Substitute $\xi=2\pi(x-a)$ and set $d=0$ w.l.o.g, then your period $T$ should satisfy

$$\sin[(\xi+T)b\cos((\xi+t)c)]=\sin[\xi b \cos(\xi c)]$$ i.e. for $bc\neq 0$ the arguments must differ by an integer multiple of $2\pi$ for all $x$:

$$(\xi+T)b\cos(\xi x+Tc)=\xi b \cos(\xi c) + 2\pi k(x)$$

with some function $k(x)\in\mathbb{Z}$. As this function has to be smooth and is restricted to $\mathbb{Z}$, it must be constant and you get

$$\xi \cos(\xi c + Tc)+T\cos(\xi c +Tc)=\xi\cos(\xi c)+2\pi k,\qquad \forall \xi.$$

This is obviously not possible for $T\neq 0$.
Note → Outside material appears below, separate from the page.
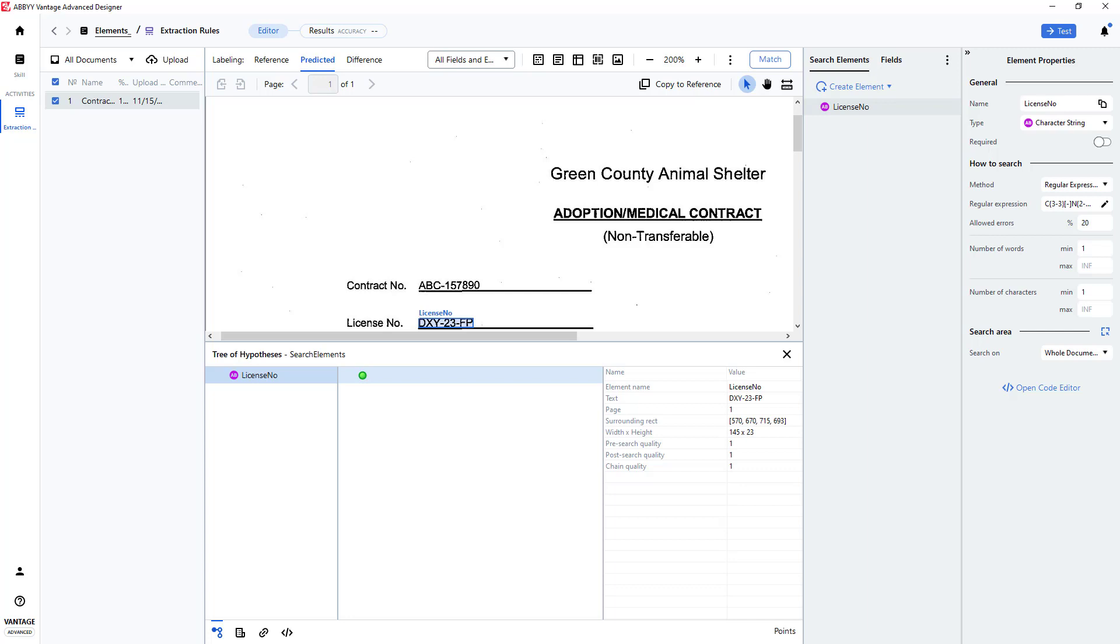The same technique can be used for finding data, such as Social Security numbers, and many other formatted strings. Note that wild cards can be placed in your regular expression to extend its search capabilities.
Edit: Of course as mentioned, the specific case $bc=0$ has to be excluded.

• :) ${}{}{}{}{}{}{}{}$ – MPW May 28 '14 at 13:40
• Thanks! My maths skills are questionable to say the least, but I have two questions: 1) is it not true that if the period is $T$, then $g(x) = g(x + T) \forall x$? And, if so, I'm wondering if the substitution is correct? 2) should $\forall \xi$ be $\forall k$? – SnagaDuath May 28 '14 at 20:08
• @SnagaDuath (improved comment) (1) This point I did a bit fast. If the function is invariant under replacing $x\mapsto x+T_x$ with some period $T_x\neq 0$ it is also invariant under replacing $\xi\mapsto \xi+T_\xi$ with some period $T_x\neq 0$. You have $T_\xi=2\pi T_x$ In my answer i discussed $T_\xi$. (2) No it is $\forall \xi$ meaning for all function arguments like the $\forall x$ in your comment. – flonk May 29 '14 at 18:02

In some cases the function is periodic. Specifically, if $c=0$ and $b\neq 0$, the function has period $\frac1b$.